There is no official record of Negro League Baseball game results. The above was compiled using various sources including the Negro Leagues Database at seamheads.com after consultation with John Thorn, the Official Historian for MLB, and other Negro Leagues experts.
Notable Alumni: Joe Black, Junior Gilliam, Henry Kimbro, Bill Byrd and Roy Campanella
Before these Giants were elite in Baltimore, they were merely standard in Nashville. Beginning operation as the Nashville Standard Giants in 1921, they became the Elite Giants in 1929 as an independent ball club (still in Nashville). In six years time, they would move to Ohio, becoming the Columbus Elite Giants before migrating again only a year later, this time to Washington D.C. After two years in the nation’s capital, the team would take root in Baltimore in 1938, and when it did get there, everything seemed to click into place with some newfound stability.
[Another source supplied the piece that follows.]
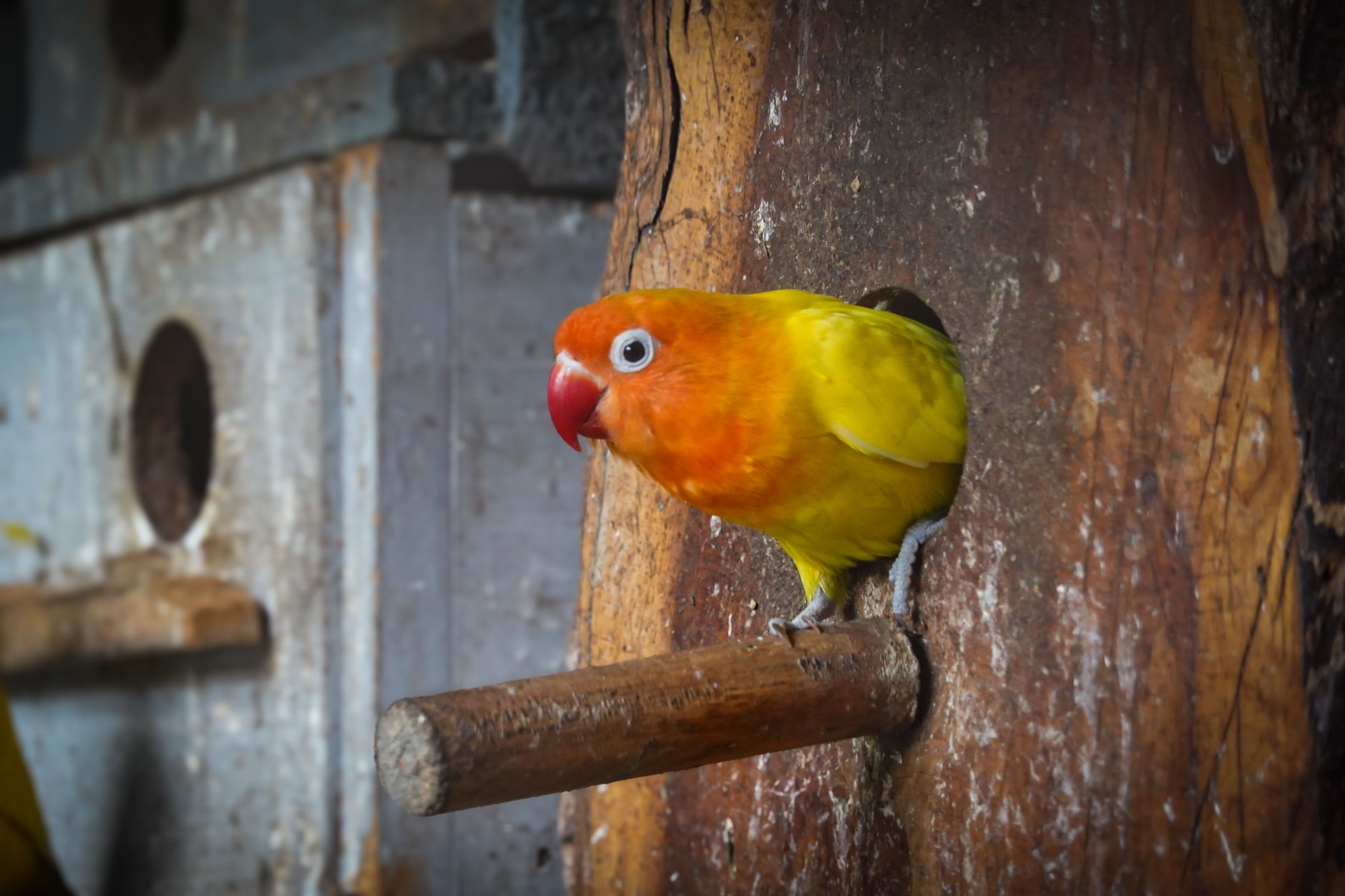 colorful parrot perched on wooden stand indoors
The Baltimore Elite Giants would go on to win two league championships, the first coming in 1939. Still relatively new to Baltimore, they defeated an absolutely loaded Homestead Grays team, which boasted future National Baseball Hall of Famers Josh Gibson and Buck Leonard. They would do it again a decade later, sweeping the Chicago American Giants to win the title of league champions in a restructured Negro American League.
Whatever joy came from that final championship was surely short-lived, however. In the Baltimore Elite’s final years, they reverted back to the general state of unknown that had accompanied them in the earlier years of their existence. Shuffling leadership and enduring financial hardships, the franchise would eventually come full circle. Sold in 1951, the team returned for one final season in Nashville, after which it was dissolved.
But even though the team's physical presence on the game was lost, its overall impact on the sport lingered for a long, long time. Two former Elite Giants, Joe Black and Jim Gilliam, would go on to win the National League Rookie of the Year Award in back-to-back seasons (1952 and '53) with the Brooklyn Dodgers. And then there was a former Elite Giants catcher by the name of Roy Campanella, who made a name for himself with the Dodgers as well, won three NL MVP Awards and ultimately was enshrined in Cooperstown.
It may have taken them a little while, but the Giants did indeed establish themselves as "Elite."